Cheshire Lakes Community Interest Company submitted the application earlier this year for the redevelopment of the former Hanson Quarry, using two existing lakes created as part of the quarry’s restoration plan following its closure.
In the plans, the North Lake would house a wire pulley system to enable wakeboarding, as well as an aerial activity course. The South Lake would be used for open water swimming, paddle boarding and canoeing.
Cheshire East Council is due to meet on Wednesday 27 July to discuss the proposals. Ahead of the meeting, a planning officer’s report has recommended the scheme be refused for biodiversity reasons, after objections were received from the Royal Society for the Protection of Birds.

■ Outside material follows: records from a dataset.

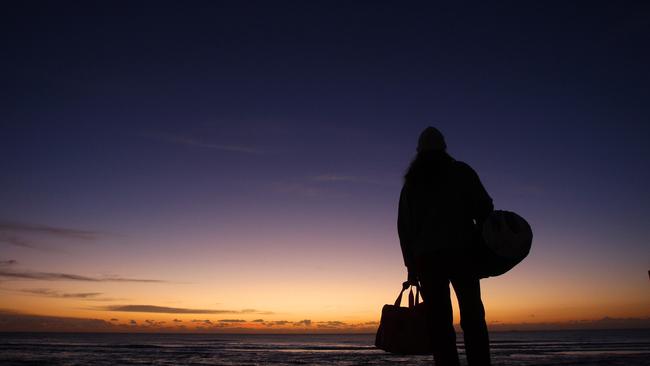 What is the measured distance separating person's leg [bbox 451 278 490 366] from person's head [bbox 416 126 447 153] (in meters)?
0.97

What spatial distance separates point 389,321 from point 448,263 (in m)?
0.89

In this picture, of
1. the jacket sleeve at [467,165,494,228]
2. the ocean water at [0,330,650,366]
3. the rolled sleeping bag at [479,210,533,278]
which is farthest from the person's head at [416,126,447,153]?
the ocean water at [0,330,650,366]

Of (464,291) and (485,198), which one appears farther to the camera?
(485,198)

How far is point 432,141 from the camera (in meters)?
3.41

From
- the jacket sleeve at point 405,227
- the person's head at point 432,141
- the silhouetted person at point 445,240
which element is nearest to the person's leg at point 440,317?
the silhouetted person at point 445,240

While the report acknowledged “a number of positives to the scheme”, it concluded that the development would have a “significant adverse impact on the conservation value of the lakes”.
However, the team behind the proposals remained positive that the project could be progressed, after working extensively with the council’s rural investment team prior to the application submission.
Jonathan Vose, director of Walsingham Planning, advising, said: “We are pleased that the case officer’s report to planning committee acknowledges that the proposed use is acceptable in the Green Belt, will deliver a unique sport and recreation facility to the area, will have significant job creation benefits, has no adverse highway or landscape impacts and is thus socially and economically sustainable and beneficial.
“Weighing against this, in the officer’s view, is the perception that the proposals will have an unacceptable ecology impact. This view is countered on the basis of the site only having ceased being quarried in 2014, the lakes and surrounding areas not having been fully restored or established yet and the site falling within an area where the accumulation of large birds is to be discouraged, given the site’s location within the Manchester Airport bird strike safeguarding zone.
“It is our view that the planning balance weighs very significantly in favour of the application being approved, and we look forward to presenting this case to members on Wednesday.”
Walsingham Planning submitted the application and acted as lead consultant, working alongside AECOM, Campbell Reith, FOB Design UK and Urban Green.